This past Saturday, my wife and I were out exploring some of New Orleans’ hidden gems when we ran into an old friend—a successful entrepreneur I’ve known for over a decade. He and his wife were walking into The Little House, a funky wine bar in Algiers, with their young kids.
We hugged, caught up, and then he said it: “We’re moving.”
Why?
Because the math doesn’t work.
I’ve spent over two decades helping entrepreneurs start ventures in New Orleans. I’ve seen the scrappiness, the genius, the exits, the community. As a Founder of my own venture now, I’ve also seen the quiet cost of trying to build something here.
Here’s the reality we can’t ignore:
For founders with families trying to build in New Orleans—the math doesn’t work.
And unless we do something, we’re going to lose the very people who make this city’s future worth investing in.
Before You Scale a Startup, You Have to Survive
Let’s break it down:
Housing is expensive
Median home price: ~$256,000
Rent for a 2-bedroom: $1,289–$1,750/month
To afford that rent, you need ~$66,000/year in income
Yet median household income is only ~$55,000, and for Black households, it’s below $30,000.
Insurance is breaking budgets
Homeowners insurance: $3,900–$10,000/year
Flood insurance + rising premiums: adding $400–$1,000/month
That’s before you factor in business or auto insurance.
Raising a family costs a second salary
Private school? Charter lottery? Homeschool? All cost time, money, or access.
Two kids in school = another mortgage payment.
Infrastructure is lagging
Power outages. Road work delays. Drainage issues.
Entrepreneurs can’t scale if their lives are constantly in recovery mode.

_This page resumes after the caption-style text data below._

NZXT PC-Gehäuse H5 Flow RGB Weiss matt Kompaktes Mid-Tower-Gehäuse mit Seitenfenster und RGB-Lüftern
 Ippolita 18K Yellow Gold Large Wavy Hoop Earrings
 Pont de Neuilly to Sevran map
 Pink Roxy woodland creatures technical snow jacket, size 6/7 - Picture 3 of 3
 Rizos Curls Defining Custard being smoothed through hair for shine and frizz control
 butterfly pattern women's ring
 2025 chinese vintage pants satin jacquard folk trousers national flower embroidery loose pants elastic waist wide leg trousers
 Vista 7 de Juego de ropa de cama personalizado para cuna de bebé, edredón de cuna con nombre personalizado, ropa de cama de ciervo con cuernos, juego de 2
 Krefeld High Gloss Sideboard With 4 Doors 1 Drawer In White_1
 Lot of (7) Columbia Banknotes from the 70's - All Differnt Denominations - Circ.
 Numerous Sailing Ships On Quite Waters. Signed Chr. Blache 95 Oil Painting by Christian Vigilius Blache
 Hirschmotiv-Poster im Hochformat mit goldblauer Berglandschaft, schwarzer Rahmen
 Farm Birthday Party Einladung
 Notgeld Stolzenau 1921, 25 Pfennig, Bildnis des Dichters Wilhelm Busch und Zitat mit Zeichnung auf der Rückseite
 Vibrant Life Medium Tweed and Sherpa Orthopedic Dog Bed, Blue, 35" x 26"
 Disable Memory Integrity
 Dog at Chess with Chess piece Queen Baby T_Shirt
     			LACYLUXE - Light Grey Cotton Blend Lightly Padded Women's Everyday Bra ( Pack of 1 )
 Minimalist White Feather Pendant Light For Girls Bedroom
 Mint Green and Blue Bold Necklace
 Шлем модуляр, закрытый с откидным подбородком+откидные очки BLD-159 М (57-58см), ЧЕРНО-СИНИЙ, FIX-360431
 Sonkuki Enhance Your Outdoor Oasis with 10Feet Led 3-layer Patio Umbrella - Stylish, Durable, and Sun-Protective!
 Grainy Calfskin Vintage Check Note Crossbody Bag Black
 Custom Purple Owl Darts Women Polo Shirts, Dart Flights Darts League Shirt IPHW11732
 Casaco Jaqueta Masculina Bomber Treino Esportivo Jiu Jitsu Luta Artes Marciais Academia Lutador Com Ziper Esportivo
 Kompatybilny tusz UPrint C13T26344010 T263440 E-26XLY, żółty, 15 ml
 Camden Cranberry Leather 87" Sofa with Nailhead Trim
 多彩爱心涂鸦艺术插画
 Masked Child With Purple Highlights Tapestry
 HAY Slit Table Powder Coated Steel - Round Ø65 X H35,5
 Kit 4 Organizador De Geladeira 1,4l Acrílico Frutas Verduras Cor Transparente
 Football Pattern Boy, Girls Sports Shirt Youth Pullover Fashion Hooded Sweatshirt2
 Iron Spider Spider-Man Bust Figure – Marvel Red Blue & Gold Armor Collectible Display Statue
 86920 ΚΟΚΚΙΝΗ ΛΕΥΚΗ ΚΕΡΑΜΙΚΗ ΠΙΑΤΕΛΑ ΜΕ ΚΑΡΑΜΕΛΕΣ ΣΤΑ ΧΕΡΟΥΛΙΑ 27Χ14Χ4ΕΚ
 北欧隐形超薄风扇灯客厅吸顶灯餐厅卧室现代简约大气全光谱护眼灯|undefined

“Just Bootstrap It” Doesn’t Work Here
We love to glorify the hustle. But in this environment, “just bootstrapping” means:
Burning personal savings faster than your company grows
Piling stress on your family with no safety net
Choosing between paying rent or hiring help
Or worse—leaving New Orleans to survive
This Is a Tipping Point Moment
We are at risk of becoming a city that celebrates entrepreneurship in theory—while making it financially impossible in practice.
And when founders walk away before they launch, it’s not just a personal loss.
It’s a citywide loss of innovation, jobs, and future prosperity.
What Needs to Change?
If we want to build a future-ready New Orleans, here’s what we must do:
Create programs that use AI, new mentor models, and digital networks to accelerate the startup stage. Founders don’t need four-month accelerator programs padded with meetings, workshops and pitch showcases. Time is money.
Create subsidized housing pathways for entrepreneurs and essential workers
Explore community insurance pools or state-supported coverage for flood zones
Offer startup stipends or founder fellowships to high-potential risk-takers
Invest in affordable childcare and educational access to keep families rooted
Streamline infrastructure fixes that reduce the operational drag on families and businesses
I Still Believe in New Orleans’ Potential
New Orleans has always been a city of dreamers, artists, builders, and believers. Today, the ecosystem has institutional leadership and significant resources to support ventures at all stages.
But if we want to build the next great startup city—we need to be real about the math.
Because right now?
The numbers don’t add up for the people we need to grow new jobs and engage in civic endeavors.
And we can’t afford to lose them.
My husband and I have always considered ourselves diehard New Orleanians, but even we have to think of the longterm. Homeowner's insurance is crushing us. Taxes are high and it's easy to wonder what it's going towards. Political leadership has been missing for a long, long time. As the state grows more conservative, it feels more hostile even in our progressive bubble. And as climate change intensifies, it's hard not to wonder when another hurricane will lay the city low.
This is an important conversation to have.
Yes, we need our city and state officials to support the ecosystem but it also starts with community. We need to move past the “gatekeeping” culture of this city and learn how to work together and amplify each other.